Em tempos de ameaças aos nossos direitos, cabe às mulheres resistir

Em 1991, a premiadíssima escritora americana Susan Faludi publicou o icônico "Backlash". A obra tinha como subtítulo, numa tradução livre, "A guerra não-declarada às mulheres americanas". O tema era a reação que se deu na década de 1980 às conquistas feministas das duas década anteriores. Nas suas 550 páginas, a autora examinou cuidadosamente as falsas premissas do imaginário antifeminista da direita conservadora que chegou ao poder nos EUA presidido por Ronald Reagan.

Ao fim, a autora concluiu magistralmente: o backlash é uma tendência histórica que se verifica quando há avanços nas agendas de direitos e consiste num efeito rebote. Aqueles cujos privilégios estavam garantidos sob a velha norma sempre irão, agonizantes, tentar se reorganizar e partir violentamente para o contra-ataque com o objetivo de restaurar a ordem que lhes convinha. Cabe aos movimentos por direitos, liberdade e igualdade defender seus êxitos para que o efeito rebote não seja feliz na sua ânsia por retrocesso.

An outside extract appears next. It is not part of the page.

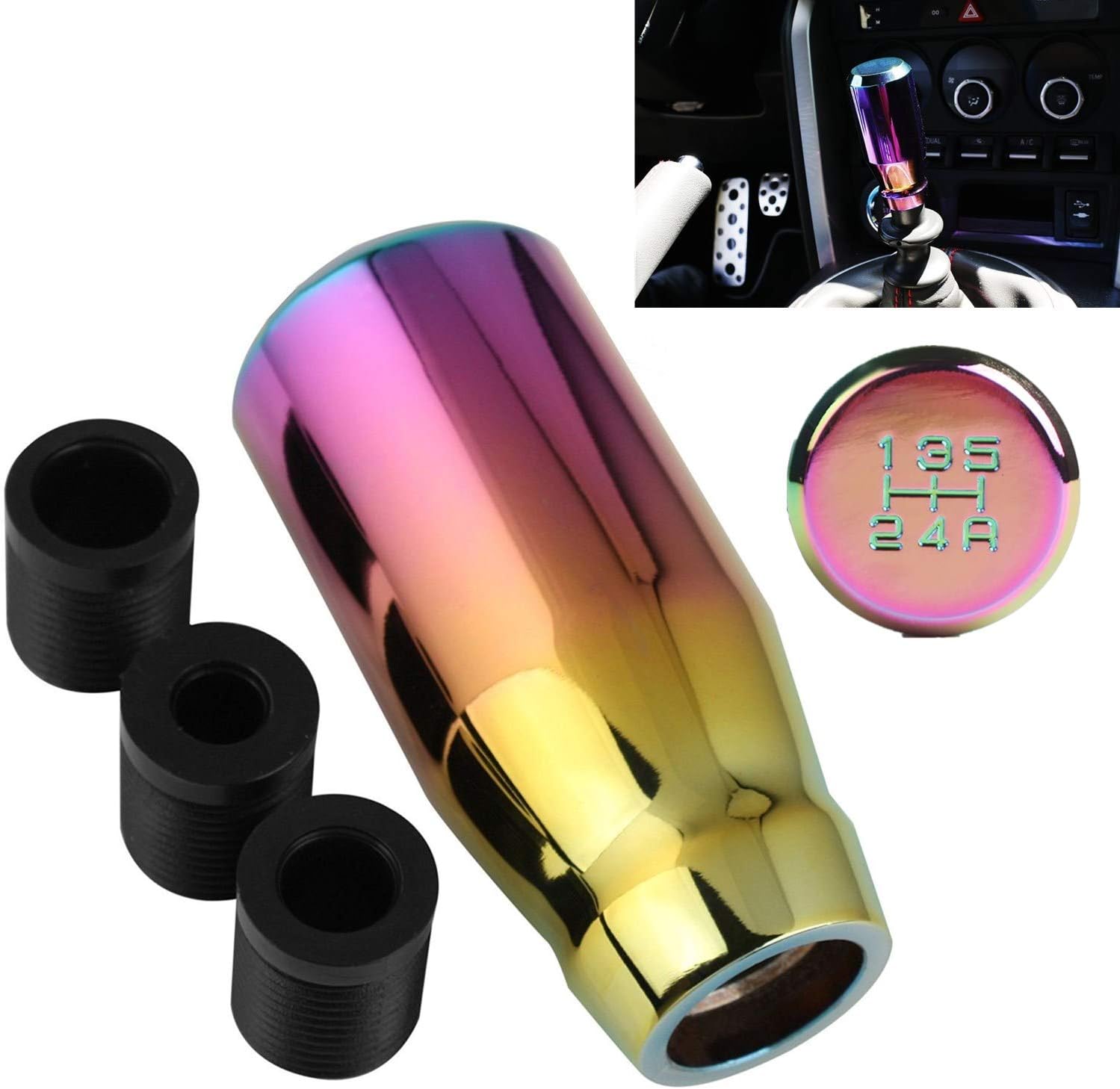 manopola del cambio con adattatori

Independentemente do resultado das eleições, o movimento de mulheres precisa estar preparado. Há um backlash, ele está em curso. Evidentemente, uma eventual vitória do candidato Jair Bolsonaro, do PSL, representa maior perigo aos direitos das mulheres. Mas o discurso conservador, machista e autoritário que o candidato articulou reiteradas vezes está por toda parte. Já brotava na internet faz tempo. Agora transbordou das redes sociais e ganhou as ruas.

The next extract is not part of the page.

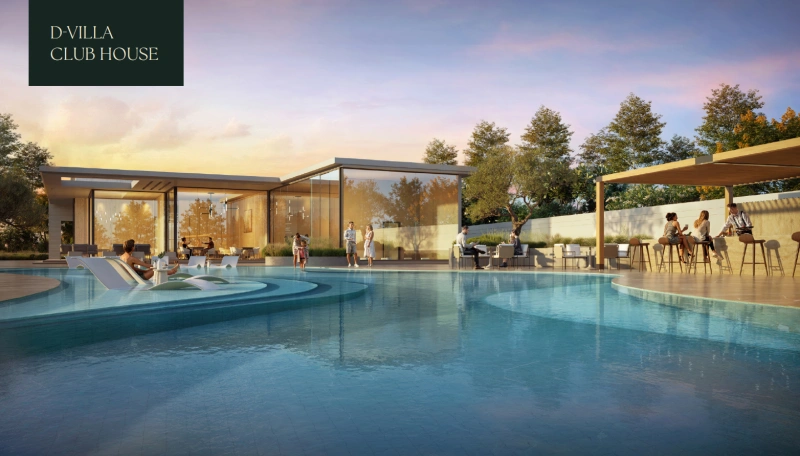 Luxuriöse Villa mit 4 Schlafzimmern, Hausmädchenzimmer und eigenem Bad, Zugang zum Golfplatz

As mesmas meninas que tomaram destemidas os espaços públicos em 2015 e construíram a primavera feminista brasileira, assistida e aplaudida no mundo, hoje temem dizer o que pensam sobre a realidade política nacional. Têm medo de andar na rua com símbolos que exponham suas opiniões. O candidato do PSL é o que Faludi chama de "emissário do backlash: aquele que se destaca no debate público e corporifica o efeito rebote. Mas o efeito rebote nunca se restringe a um ou outro emissário. Trata-se de um fato social, uma realidade que é resultado de complexas imbricações. Desmontá-lo demanda estratégias igualmente sofisticadas.

A caixa de Pandora foi aberta. Todos os dias, surgem relatos que confirmam que estamos diante de um backlash. O movimento de mulheres tem convivido com um amplo espectro de reações cada vez mais brutais aos avanços dos últimos anos. As experiências relatadas vão de ameaças virtuais a atos de violência abomináveis. O que as mulheres devem fazer diante desse contexto? Resistir. Desenhar estratégias inteligentes, cuidar de si, cuidar umas das outras e, com muito brio, resistir.

Devemos ser criativas no enfrentamento dos emissários do backlash. Sempre. Mas não podemos esquecer jamais que eles são apenas a pontinha do iceberg. Os emissários existem porque o efeito rebote existe. É este o verdadeiro inimigo: a involução. Um processo labiríntico levado a cabo por muitos (e, infelizmente, também por algumas) cuja finalidade é o depauperamento do novo normal que estamos construindo.

Com ou sem Bolsonaro no Planalto, temos Parlamentos recheados de retrógrados, as redes sociais fervem com discursos raivosos contra ativistas pelos direitos das mulheres, humoristas se esforçam para reabilitar piadas sexistas. Muita gente quer que a gente volte a se contentar com pouco. Teremos que disputar os ouvidos da parcela significativa do país que hoje se mostra suscetível ao que dizem os emissários do backlash. E mostrar que a involução não interessa a ninguém. Quando as mulheres têm seus direitos assegurados, a sociedade tem seu futuro assegurado.